= Beginning of Section =

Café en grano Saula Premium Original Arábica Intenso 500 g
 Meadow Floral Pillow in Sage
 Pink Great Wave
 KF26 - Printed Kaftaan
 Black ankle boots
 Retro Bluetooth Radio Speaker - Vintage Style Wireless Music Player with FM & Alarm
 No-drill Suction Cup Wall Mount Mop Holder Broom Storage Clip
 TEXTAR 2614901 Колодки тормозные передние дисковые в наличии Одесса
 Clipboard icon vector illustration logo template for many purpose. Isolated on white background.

= End of Section =

§ Exercise
Repeat exactly, and only, the lines from the line containing "Pink Great Wave" through the last line of the records above, both included.

§ Exercise result
 Pink Great Wave
 KF26 - Printed Kaftaan
 Black ankle boots
 Retro Bluetooth Radio Speaker - Vintage Style Wireless Music Player with FM & Alarm
 No-drill Suction Cup Wall Mount Mop Holder Broom Storage Clip
 TEXTAR 2614901 Колодки тормозные передние дисковые в наличии Одесса
 Clipboard icon vector illustration logo template for many purpose. Isolated on white background.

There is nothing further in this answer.